そんな独り言を繰り返しながら歩いている友也の視界に村が見えてくる。
「ついた、、」
村は30件ほどで、見たところによると井戸を中心に囲まっており、その周りに木でできた割と頑丈な柵がされている。
友也は既に何度かこの小さな村に来ていてある程度何があるかは理解しているつもりだった。

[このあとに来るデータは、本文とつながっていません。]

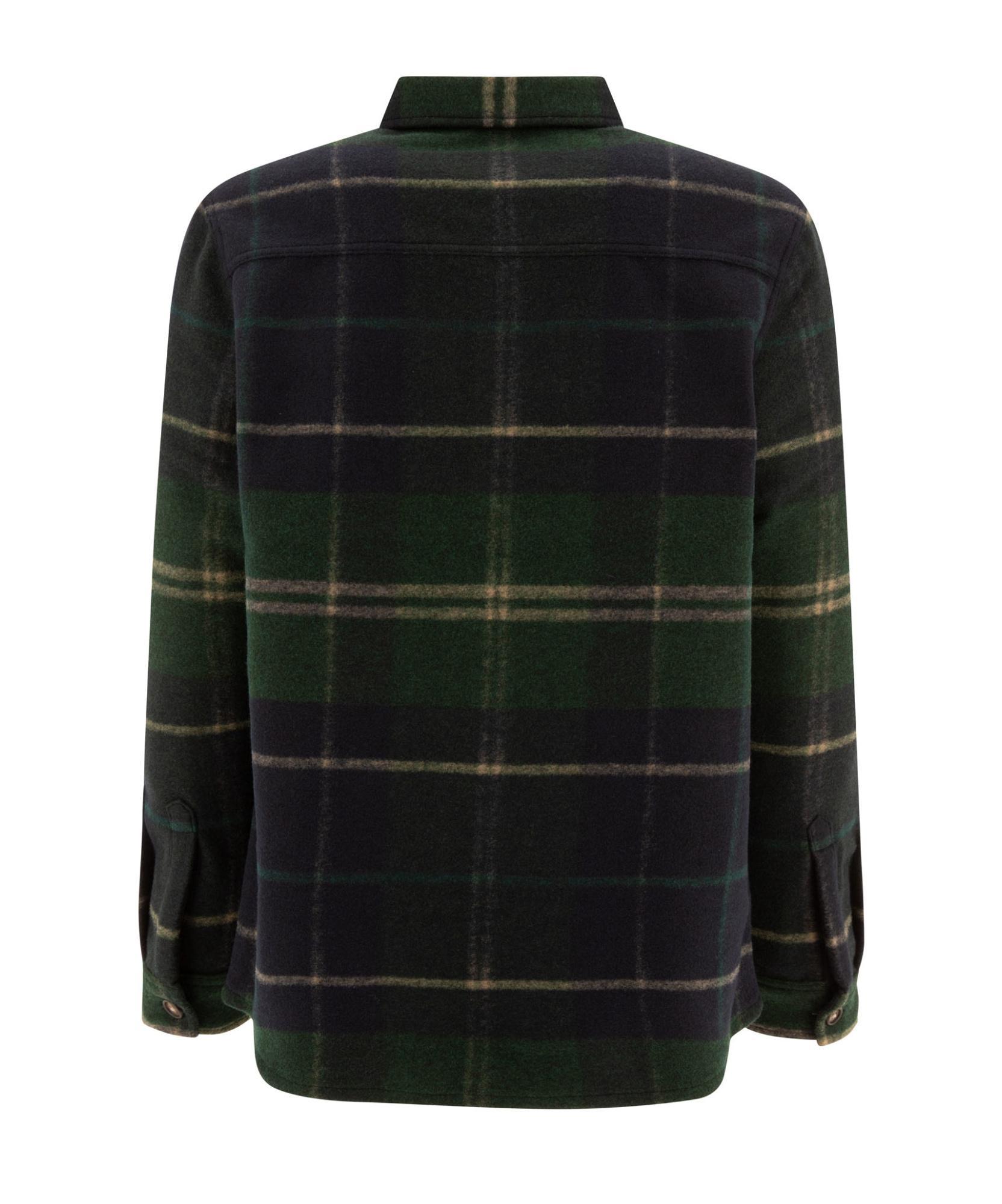 BARBOUR Checked Long In Green Product Image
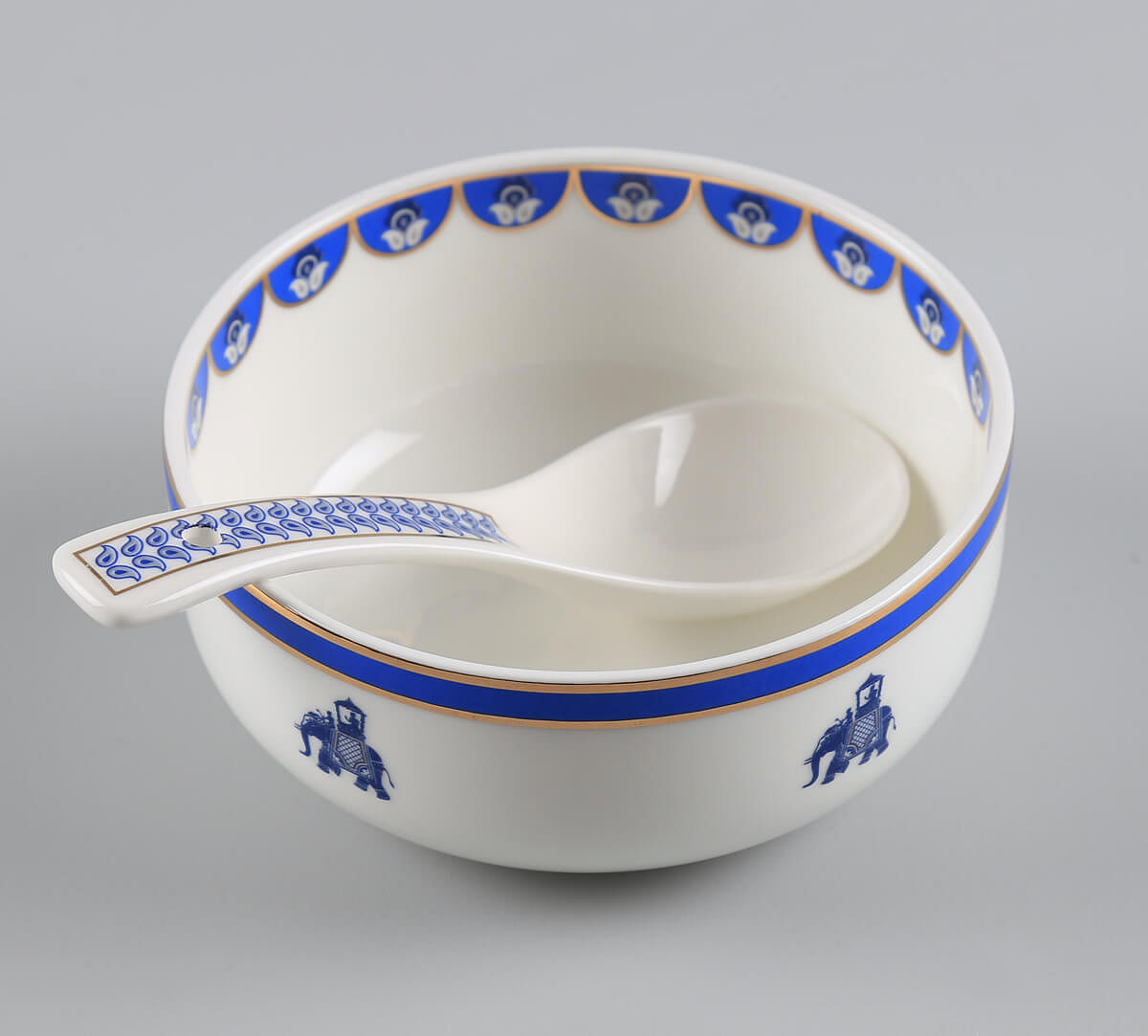 India Circus by Krsnaa Mehta Oceanic Opulence Soup Bowl Set
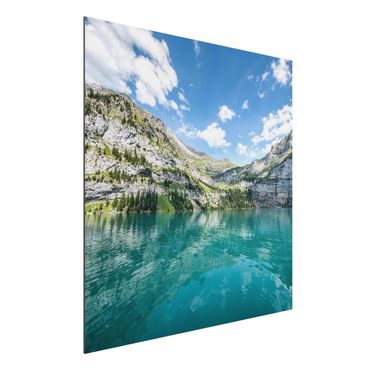 Print on aluminium - Divine Mountain Lake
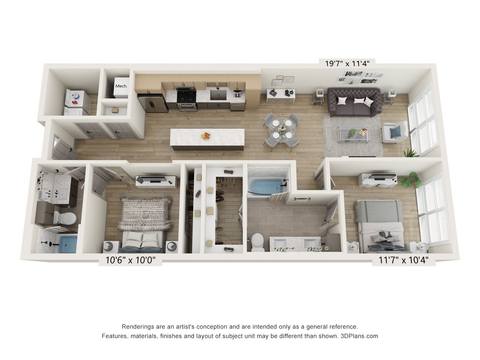 Floorplan B1 layout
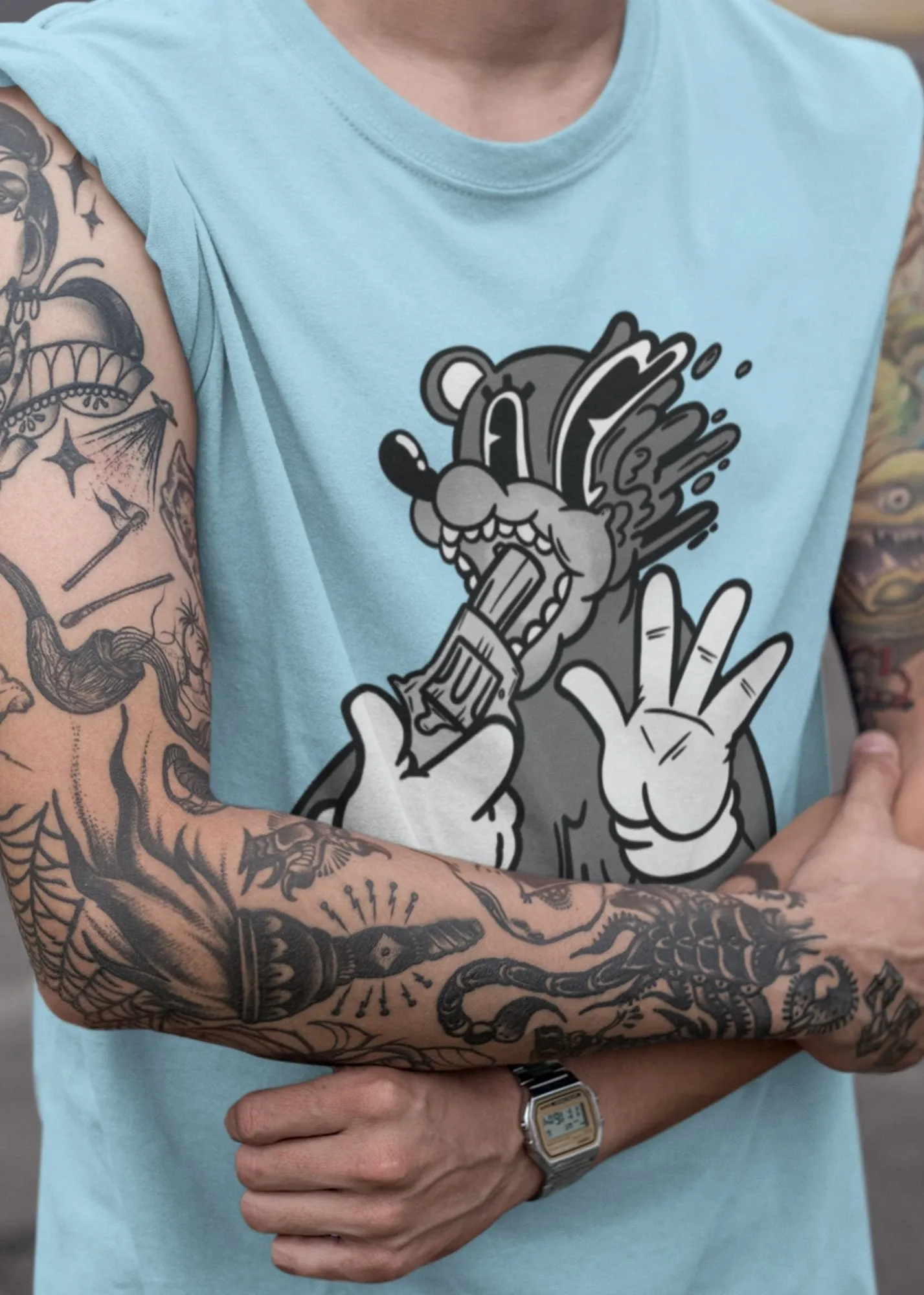 ST!NK - artist CircusAlley - Men Shirt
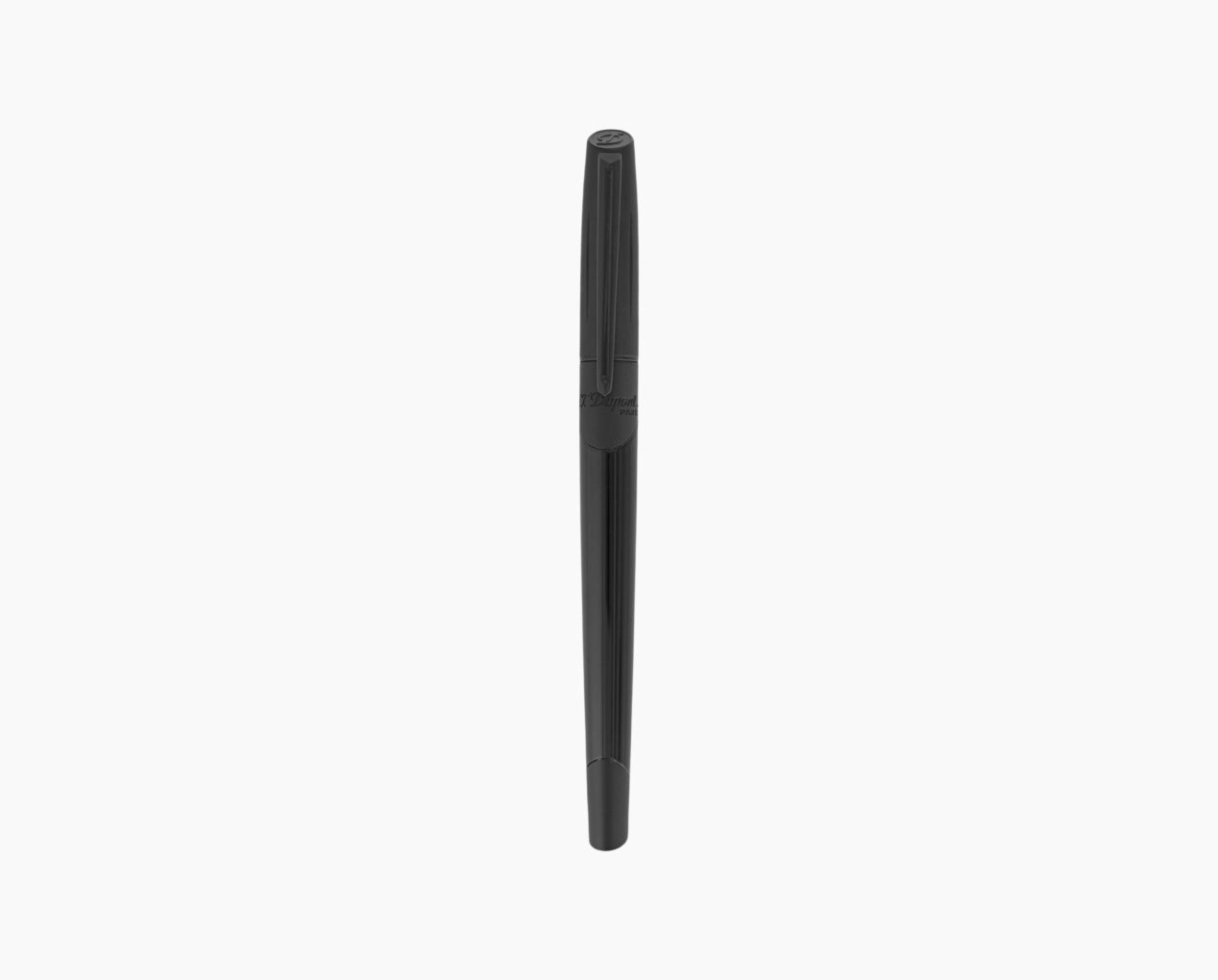 tiny St Dupont Defi Millenium Shiny Black & Matte Black Trim Fountain Pen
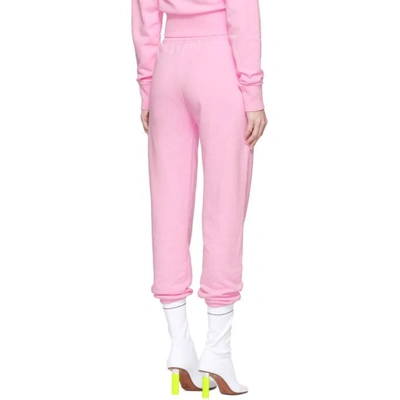 Shop Ashley Williams Ssense Exclusive Pink Save The Planet Lounge Pants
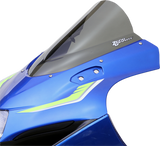 Zero Gravity 16-115-02 Double Bubble Windscreen - Light Smoke - GSX-R 1000R/Z | Street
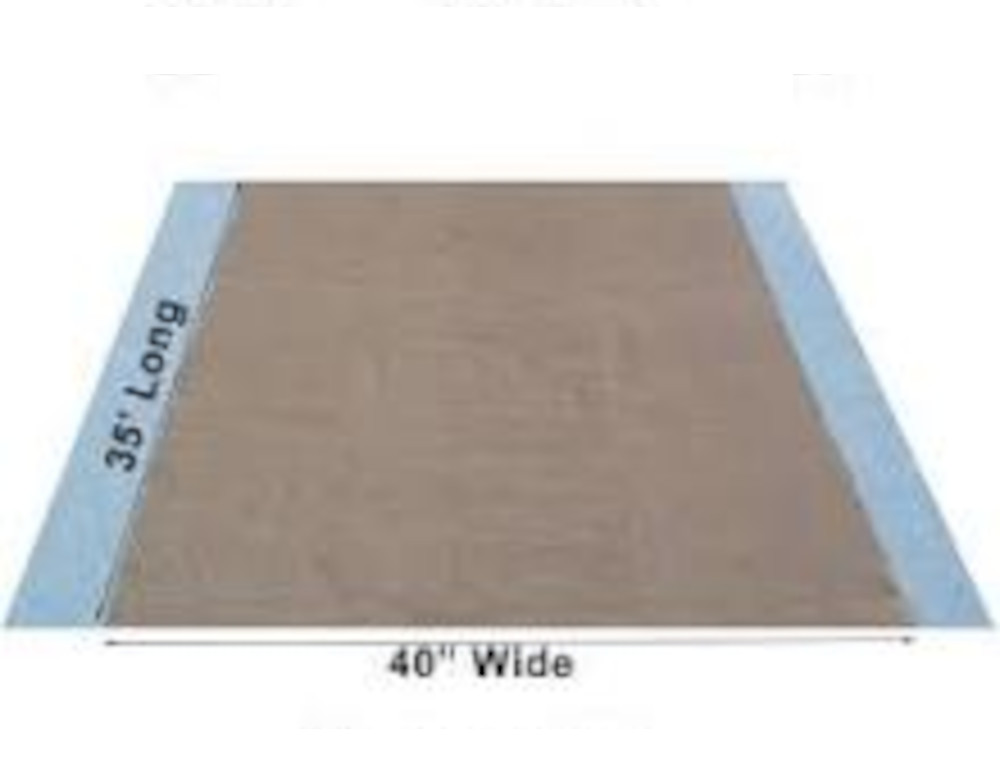 40" Inch Width Burlap Aisle Runner - 35 Feet - Click Image to Close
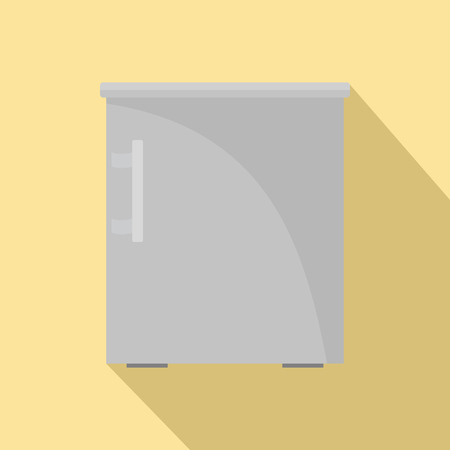 Small fridge icon. Flat illustration of small fridge vector icon for web designのイラスト素材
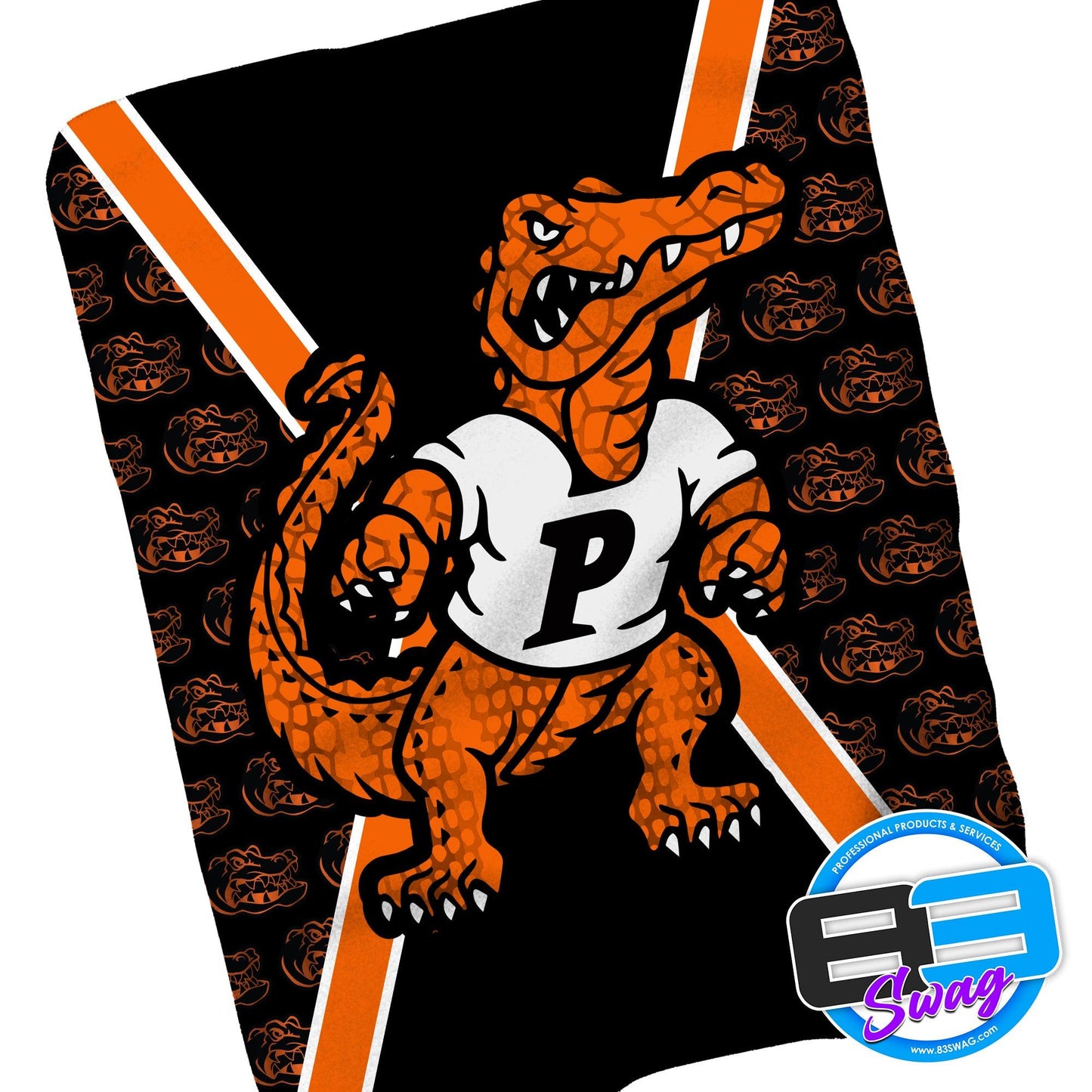 50"x60" Sherpa Fleece Blanket - Port Allegany Gators - 83Swag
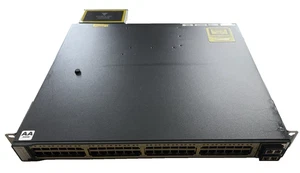 Cisco Catalyst WS-C3750E-48PD-EF V04 – 48x PoE Ports, 2x SFP, 1150W Netzteil - Bild 1 von 9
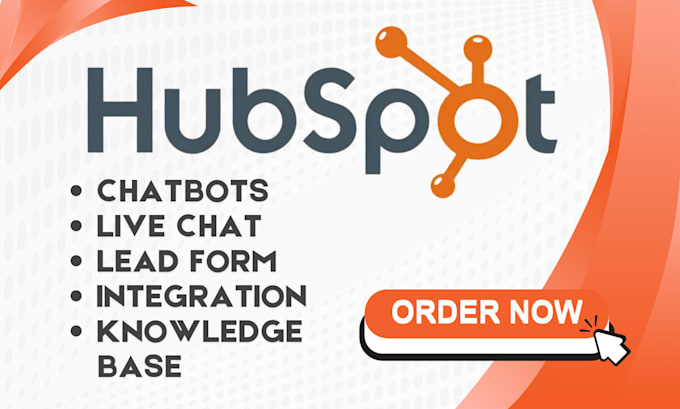 Gig Preview - Do hubspot booking chatbot live chat knowledge base facebook ads integration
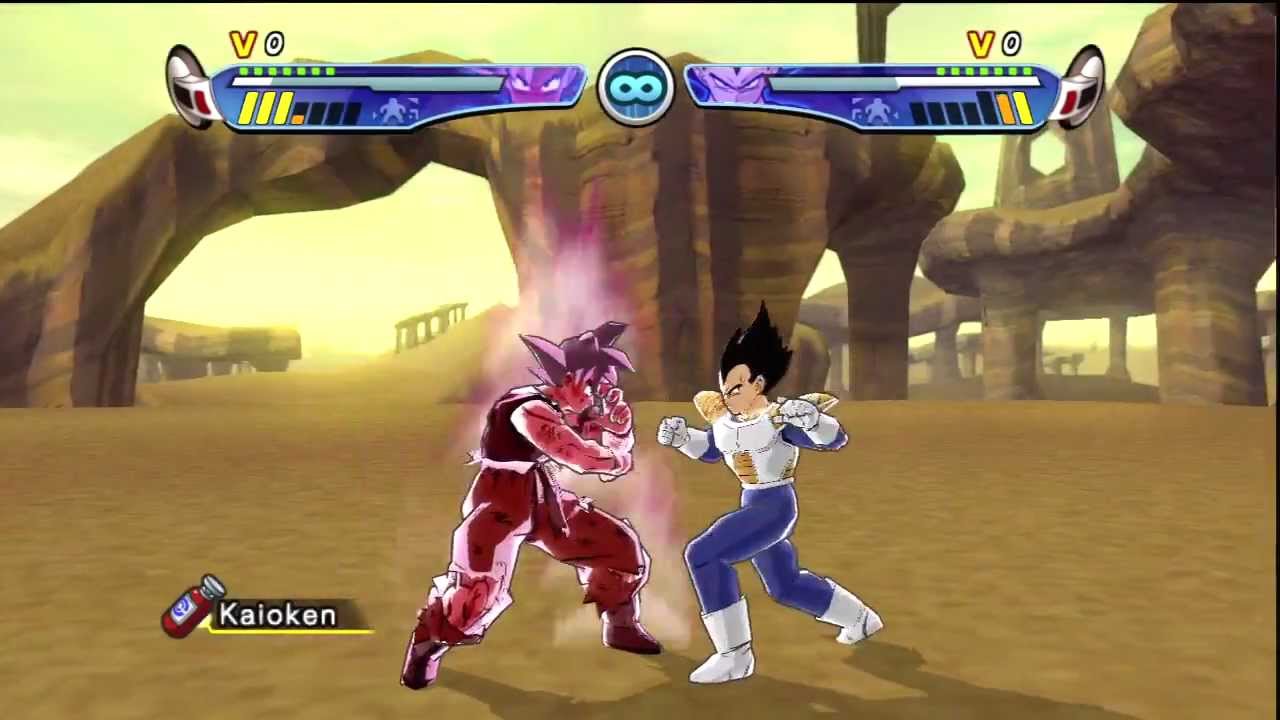 Goku vs Vegeta [Budokai 3 HD]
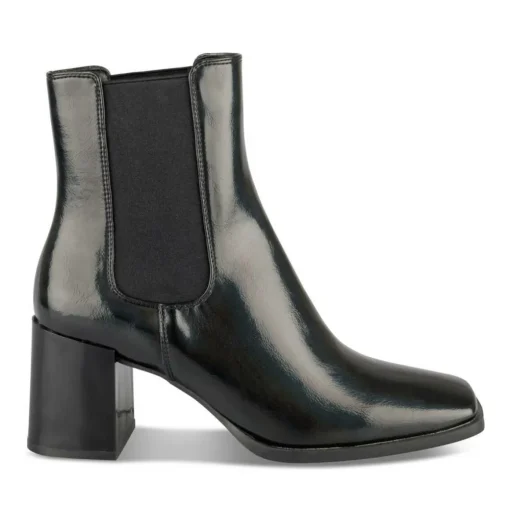 Bottines NOIR Femme Motif Iridescent Elastique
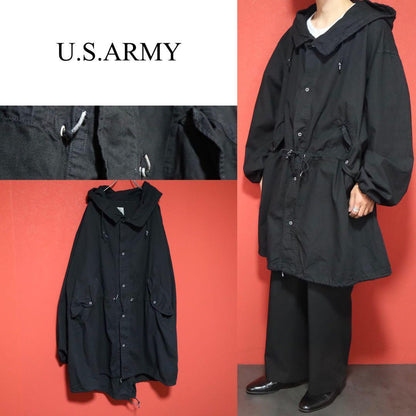 Vintage U.S. Army Black Snow Camo Parka Size LARGE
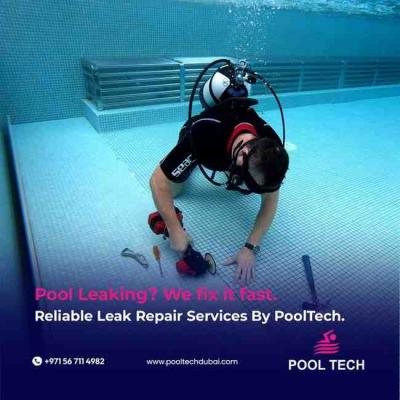 Quick & Reliable Swimming Pool Repair & Leak Repair in Dubai-PoolTech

「小さな酒場に八百屋さん、果物屋さん、道具屋さん、鍛冶屋さん、ほんとゲームの世界にでてくる小さな村という感じだよね」
友也の今の最大の目標は小さな酒場で誰かとテーブルを囲みながら食事をする事だったのだ。
「そんなの夢のまた夢だけど、、」
友也の黒い瞳ににうっすらと涙が浮かぶ。
そうこうしている内に八百屋の前についた友也は腰から野うさぎを1匹ほどき店主に見えるように持ち上げる。
(ま、まずは笑顔、笑顔、)
(挨拶の基本は笑顔から、、)
友也は練習の成果虚しく、にへらっとぎこちない笑顔をしてしまう。
そして、、
「こ、こ、こ、このの、野うさぎとや、野菜をこ、、交換してください!!!」
と完全に上擦ってしまった声でさらに噛み噛みになりながら店主に叫ぶ。
すると八百屋の店主が友也の方を振り向き頬に傷の入った目つきの悪い顔で友也を見る。
(うぅ、、いつもながら恐い、、)
すると八百屋の店主はニカッと笑い屋台にある野菜を持っていけという仕草をして、、
「○+¥%<〒「〜^☆○」
何か大きい声で喋っている。
そう。
この世界の言葉は友也にはまったく言葉が通じないし理解できないのだった。
仕方なく友也はぎこちない笑顔で半泣きになりながら野うさぎを屋台に置いて小さな芋、むしろ屋台の中で一番小さな芋を一個だけとり逃げるように駆け出す。
その目には薄っすらと涙が流れる。
「うわーー!!」
友也は声にならない声で叫び、今来た道を全速力で駆けだしてしまう。
ポカンとした強面の店主を残して。